A: Pass language + gender, OR voice_id (which overrides), OR voice_name (legacy ElevenLabs aliases). For OpenAI, only voice_id is meaningful (alloy/echo/fable/onyx/nova/shimmer).

Q: What does HD quality do?

A: Switches to a higher-fidelity model on providers that support it (ElevenLabs primarily). Same per-second pricing.

Q: Can I use a previously cloned voice?

A: Yes. Either (a) pass voice_id with the cloned voice's ID returned by core-voice-clone, or (b) use clone_from_audio per-call (no persistence).

Q: Does speed affect pricing?

A: No. Billing is on generated duration regardless of speed.

Q: Why is OpenAI's response shape different?

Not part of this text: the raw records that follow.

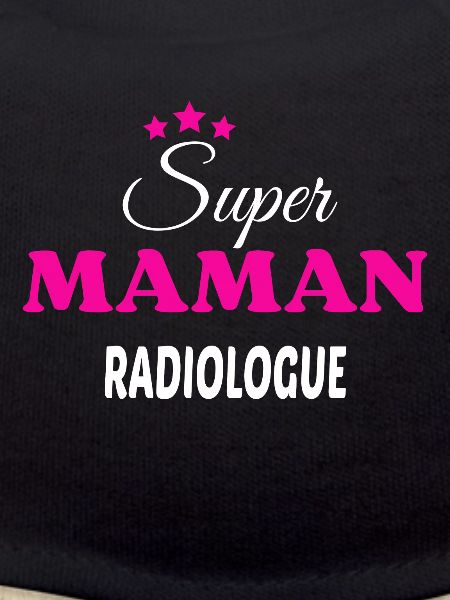 Super maman radiologue citation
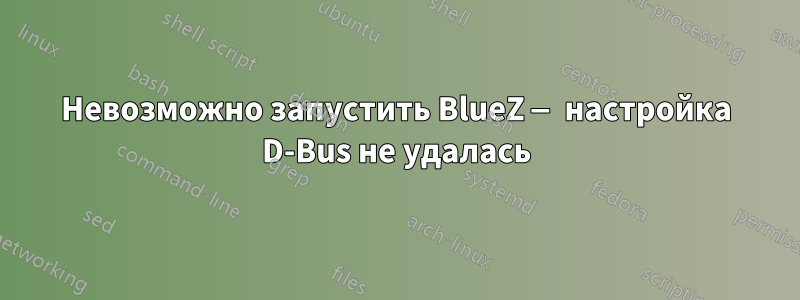 Невозможно запустить BlueZ — настройка D-Bus не удалась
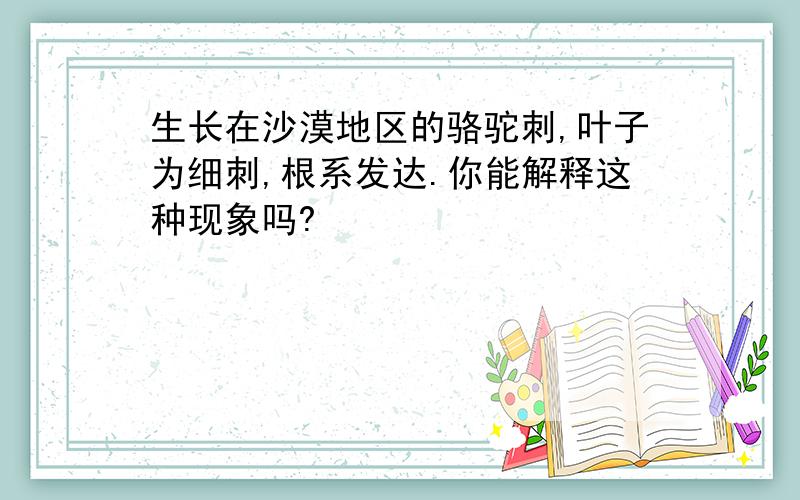 生长在沙漠地区的骆驼刺,叶子为细刺,根系发达.你能解释这种现象吗?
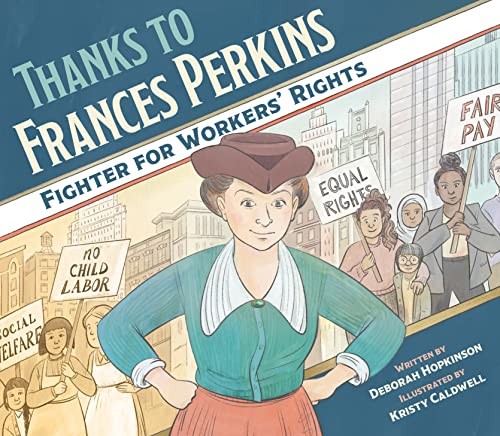 Deborah Hopkinson, Kristy Caldwell: Thanks to Frances Perkins (2022, Peachtree Publishing Company Inc.)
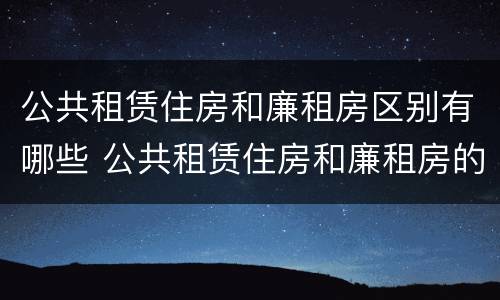 公共租赁住房和廉租房区别有哪些 公共租赁住房和廉租房的区别
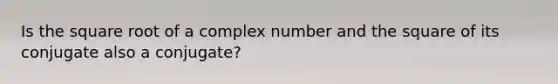 Is the square root of a complex number and the square of its conjugate also a conjugate?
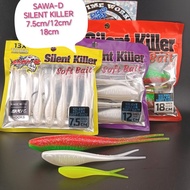SAWA-D SILENT KILLER 7.5CM/18CM / 12CM  SOFT BAIT  Umpan pancing Soft Plastic
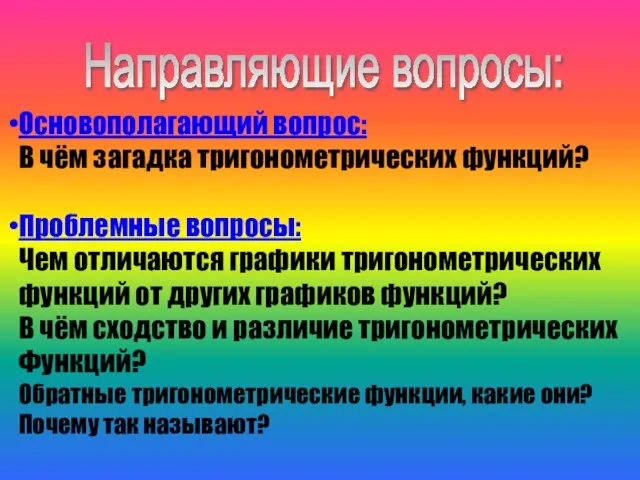 Направляющие вопросы: Основополагающий вопрос: В чём загадка тригонометрических функций? Проблемные вопросы: Чем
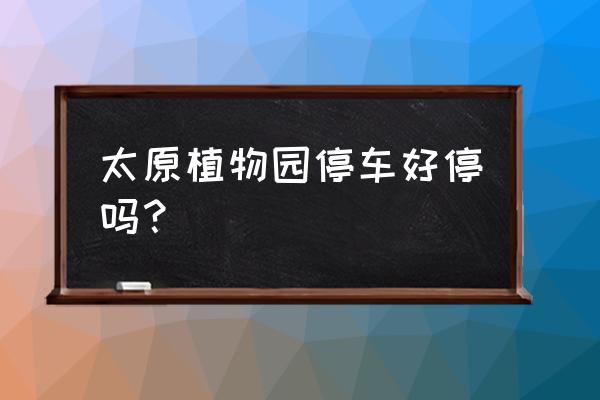 植物园南门能停车吗 太原植物园停车好停吗？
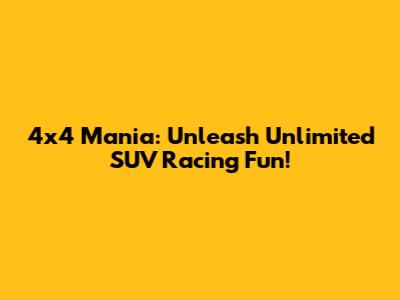 4x4 Mania: Unleash Unlimited SUV Racing Fun!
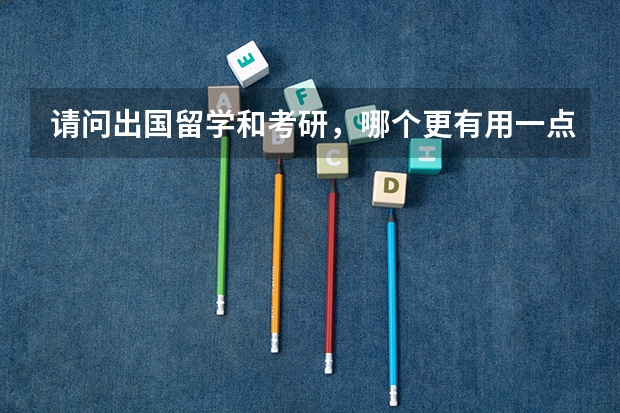 请问出国留学和考研，哪个更有用一点呢？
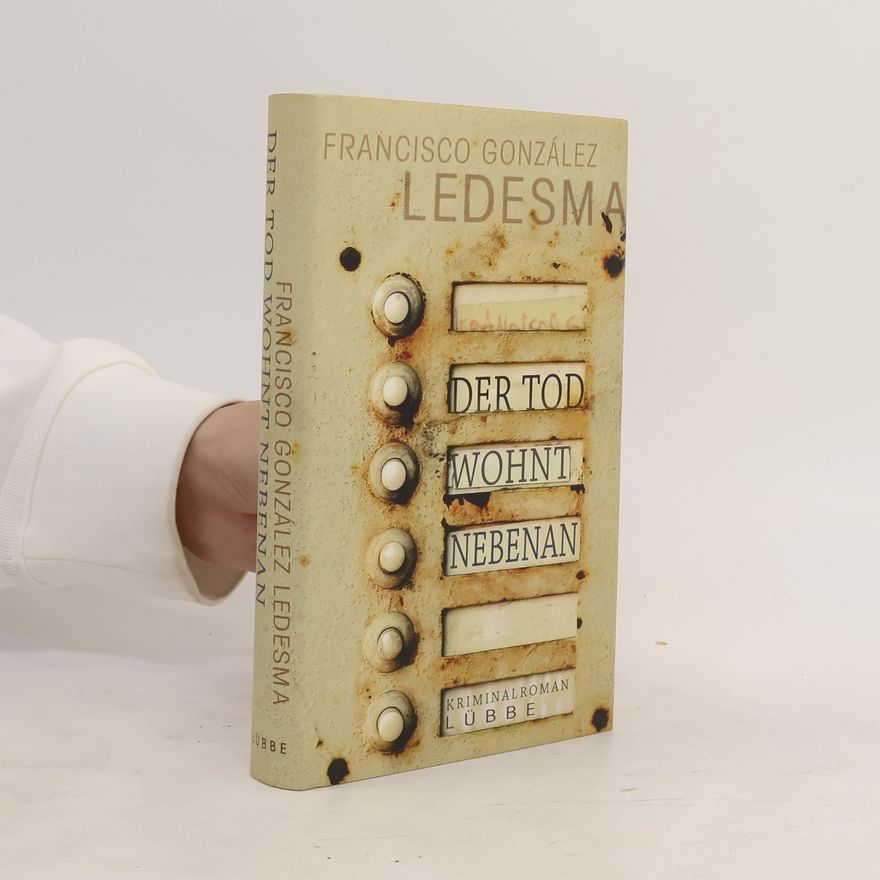 Francisco González Ledesma Der Tod wohnt nebenan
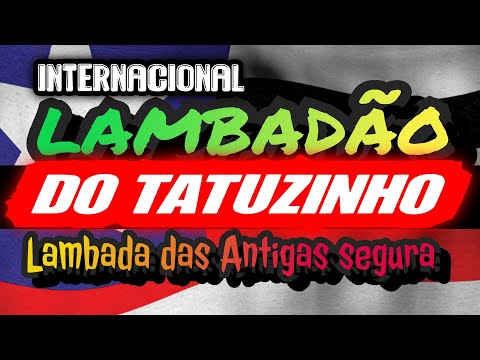 🇱🇷 LAMBADA do TATUZINHO INTERNACIONAL - TOP ESSA!! - CANAL LAMBADÃO MARANHENSE OFICIAL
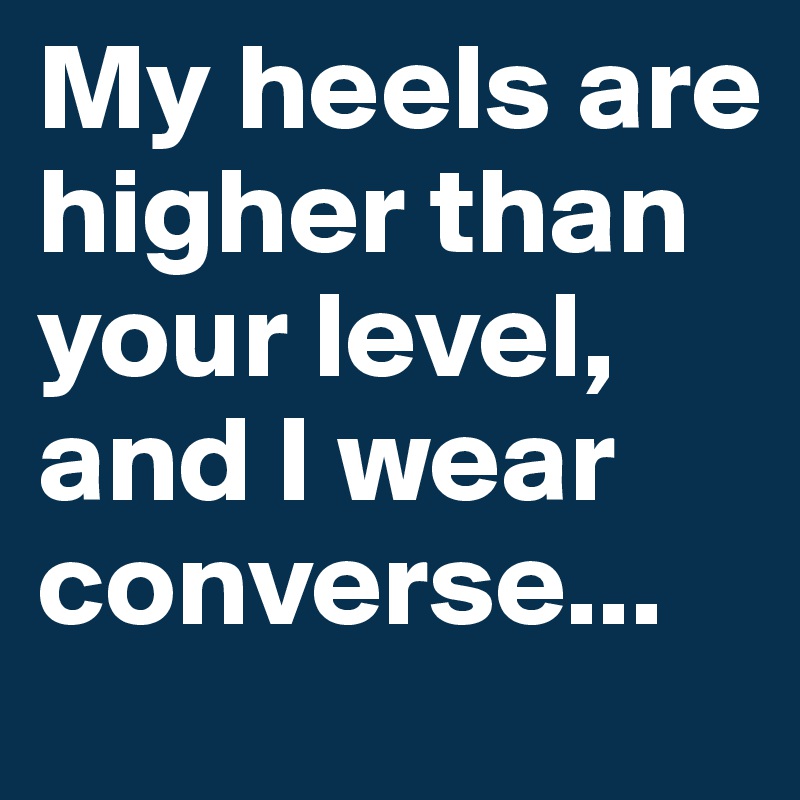 My heels are higher than your level, and I wear converse...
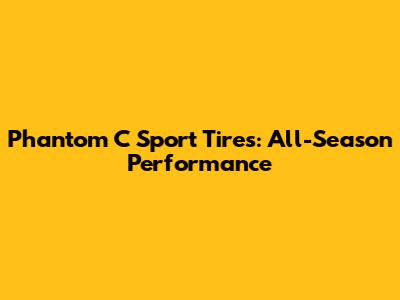 Phantom C Sport Tires: All-Season Performance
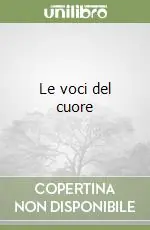 Le voci del cuore Offerta Limitata
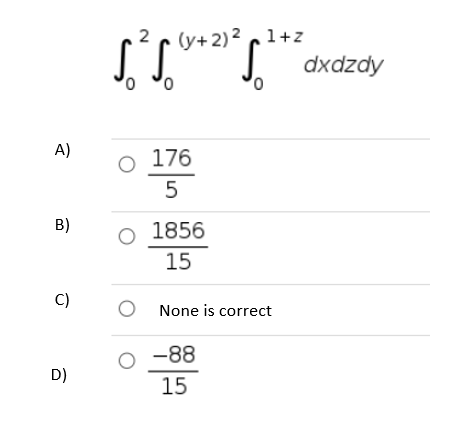 A)
B)
C)
D)
(y+ 2)²1+z
5²5. dxdzdy
O 176
5
O 1856
15
O None is correct
0-88
15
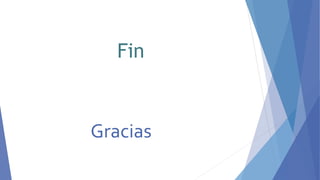 Gracias
Fin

A: OpenAI exposes only six fixed voices, language-agnostic, no settings/cloning. The API surfaces this asymmetry in the catalog (note field + supports_* all false).

Related Products

Changelog

1.1 (2026-04-27)

  • -Documented all three providers explicitly (elevenlabs / minimax / openai) — replaced the generic backend_a/backend_b placeholders.
  • -Added the full TTSRequest body schema from the upstream Pydantic model: provider (default elevenlabs), voice_name (legacy ElevenLabs), clone_from_audio, clone_from_video, keep_source_file, auto_delete_after_hours, cinema8_env.
  • -Documented the per-call voice-cloning fields (clone_from_audio, clone_from_video) and how they relate to the persistent clone in voice-clone-tts.
  • -Updated voices response example with real shape: legacy_voices + legacy_voice_mapping (ElevenLabs only), descriptive MiniMax voice names, OpenAI's note field.
  • -Added cost object to the response example so users know what they were billed.

1.0 (2026-01-01)

  • -Initial release with multi-backend TTS and voice listing.